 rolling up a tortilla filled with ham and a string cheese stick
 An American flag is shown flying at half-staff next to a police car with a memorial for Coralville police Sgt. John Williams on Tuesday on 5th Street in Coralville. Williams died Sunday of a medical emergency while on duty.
━━━
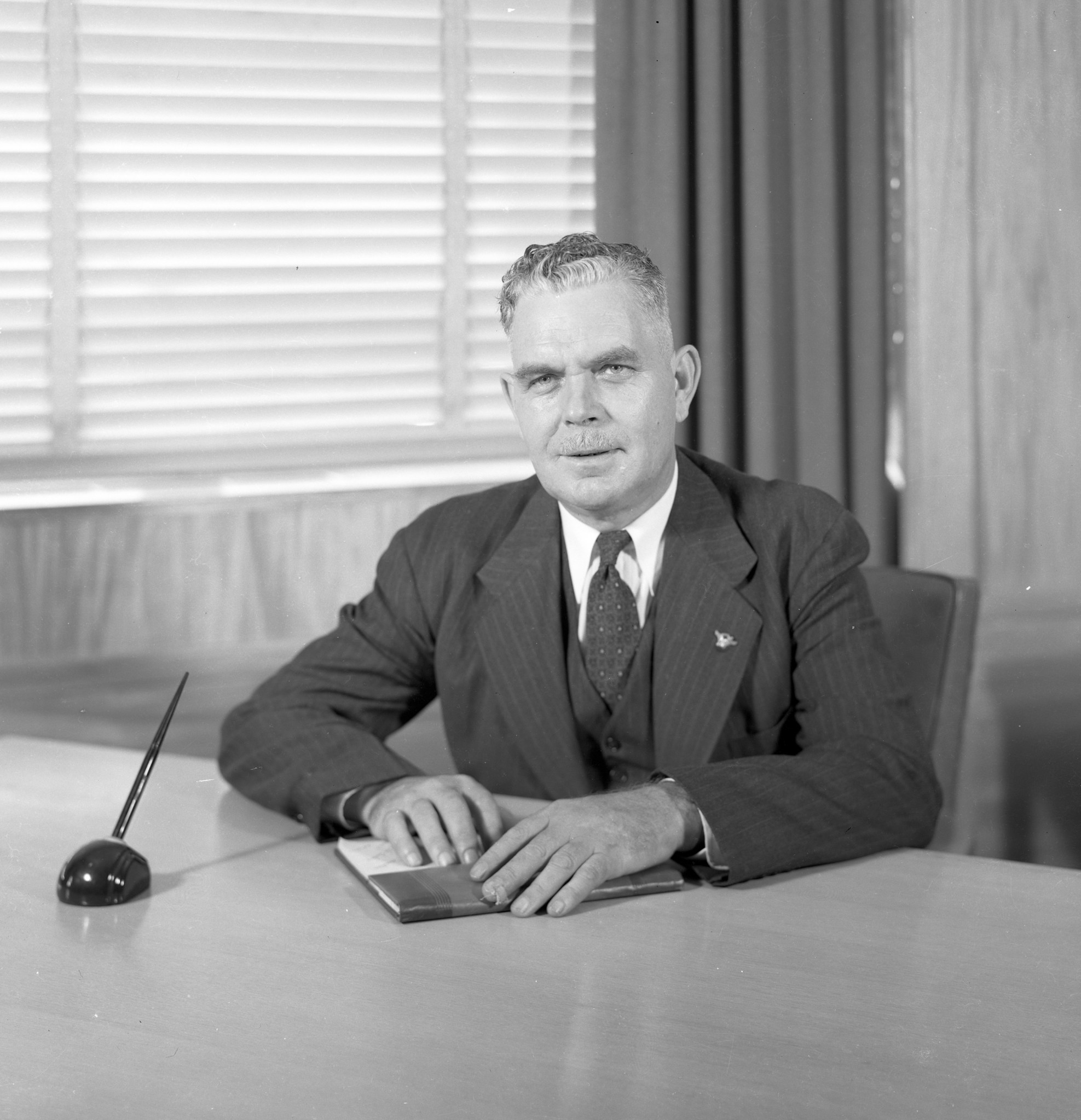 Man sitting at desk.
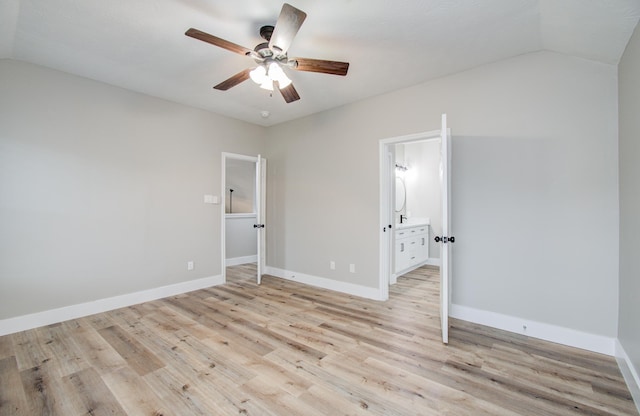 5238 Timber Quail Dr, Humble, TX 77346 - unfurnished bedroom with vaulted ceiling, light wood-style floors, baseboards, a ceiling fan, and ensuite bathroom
━━━
-- Task objective --
What do the lines above say from the one containing "rolling up a" down to the one containing "An American flag"? Return them exactly, both end lines included, and only them.

-- Answer box --
 rolling up a tortilla filled with ham and a string cheese stick
 An American flag is shown flying at half-staff next to a police car with a memorial for Coralville police Sgt. John Williams on Tuesday on 5th Street in Coralville. Williams died Sunday of a medical emergency while on duty.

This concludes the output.